It is impossible to address the psychology and political structure of the anti-abortion states in a simple way on a message board. There is a significant intertwining of religious beliefs with the anti-abortion movement, which you would think violates the 1st Amendment. But the Supreme Court chooses to ignore religious issues when it desires to do so, while giving religion absolute protection in other cases.

The current decision is based upon a very narrow reading of only a part of history, and not even doing a complete job at that. Some of the current decision is based upon a 17th century judge who also created the spousal rape exception (a husband can never rape a wife), wanted to prosecute and convict witches, and favored capital punishment for children 14 or older.

Do not think for a second that this decision is limited just to abortion. Justice Thomas wrote a concurring opinion seeking to overturn the constitutional right to contraception, gay sex (well really any form of sodomy, which includes the common practice of oral sex between married couples), and or course, gay marriage. Can we trust the justices on these matters, particularly the three who stated in their confirmation hearings within the last five years that abortion rights were settled law and they respected the precedent of those rights.
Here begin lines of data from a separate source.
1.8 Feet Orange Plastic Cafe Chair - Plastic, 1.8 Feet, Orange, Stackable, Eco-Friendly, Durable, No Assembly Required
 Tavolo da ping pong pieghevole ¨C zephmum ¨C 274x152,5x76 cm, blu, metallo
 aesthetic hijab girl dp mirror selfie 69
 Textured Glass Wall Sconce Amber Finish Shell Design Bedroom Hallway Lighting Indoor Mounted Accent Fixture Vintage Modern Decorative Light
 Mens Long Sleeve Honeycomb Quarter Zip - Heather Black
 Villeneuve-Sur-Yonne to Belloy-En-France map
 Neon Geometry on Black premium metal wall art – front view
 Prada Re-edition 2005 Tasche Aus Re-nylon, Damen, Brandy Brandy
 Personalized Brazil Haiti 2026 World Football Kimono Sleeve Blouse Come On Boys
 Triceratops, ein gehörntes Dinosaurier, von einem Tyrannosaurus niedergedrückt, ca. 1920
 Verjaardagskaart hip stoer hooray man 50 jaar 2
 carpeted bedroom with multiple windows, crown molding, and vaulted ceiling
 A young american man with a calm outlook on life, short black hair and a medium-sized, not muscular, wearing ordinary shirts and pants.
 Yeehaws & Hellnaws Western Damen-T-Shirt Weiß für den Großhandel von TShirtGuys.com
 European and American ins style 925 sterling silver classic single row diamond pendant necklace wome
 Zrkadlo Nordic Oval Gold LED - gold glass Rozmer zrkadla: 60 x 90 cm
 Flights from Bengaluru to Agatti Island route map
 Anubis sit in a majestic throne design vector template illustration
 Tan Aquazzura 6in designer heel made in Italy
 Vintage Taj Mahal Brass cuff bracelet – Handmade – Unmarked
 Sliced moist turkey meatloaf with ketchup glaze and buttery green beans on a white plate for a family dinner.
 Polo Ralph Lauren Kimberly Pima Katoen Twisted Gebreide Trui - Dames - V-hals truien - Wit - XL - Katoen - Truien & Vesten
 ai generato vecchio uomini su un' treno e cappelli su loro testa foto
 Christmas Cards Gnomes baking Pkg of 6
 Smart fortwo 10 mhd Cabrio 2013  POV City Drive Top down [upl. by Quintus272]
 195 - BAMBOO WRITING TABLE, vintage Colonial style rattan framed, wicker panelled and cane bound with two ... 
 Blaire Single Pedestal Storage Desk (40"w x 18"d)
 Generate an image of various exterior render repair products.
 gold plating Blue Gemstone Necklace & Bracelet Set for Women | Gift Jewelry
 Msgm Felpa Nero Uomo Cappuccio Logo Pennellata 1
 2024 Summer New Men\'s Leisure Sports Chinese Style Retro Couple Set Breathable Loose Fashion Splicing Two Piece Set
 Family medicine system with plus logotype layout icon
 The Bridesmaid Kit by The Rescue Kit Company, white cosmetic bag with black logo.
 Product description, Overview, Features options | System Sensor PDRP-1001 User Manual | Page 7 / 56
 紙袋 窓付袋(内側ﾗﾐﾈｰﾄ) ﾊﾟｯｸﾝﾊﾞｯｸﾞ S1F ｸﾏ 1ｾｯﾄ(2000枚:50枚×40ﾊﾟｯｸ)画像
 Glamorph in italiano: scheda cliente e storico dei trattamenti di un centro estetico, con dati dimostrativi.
I think this decision and those statements during their confirmations brings the children's phrase "Liar, liar, pants on fire" to mind.

Interesting statistics on abortions from a NY Times article from December, 2021: Who Gets Abortions in America?

1. 60% of women getting an abortion already had at least one child.
2. 49% of women getting an abortion were married or cohabitating.
3. 32% of women getting an abortion voted for Trump in 2020.
4. 49% of women getting an abortion lived below the poverty line.

Abortions are not going away. There were many illegal abortions prior to the now-defunct Supreme Court decision legalizing abortions. However, some of these were botched and resulted in the death of the mother. Oh well, that, like school children mowed down by automatic rifles, is just the cost of living in the current United States.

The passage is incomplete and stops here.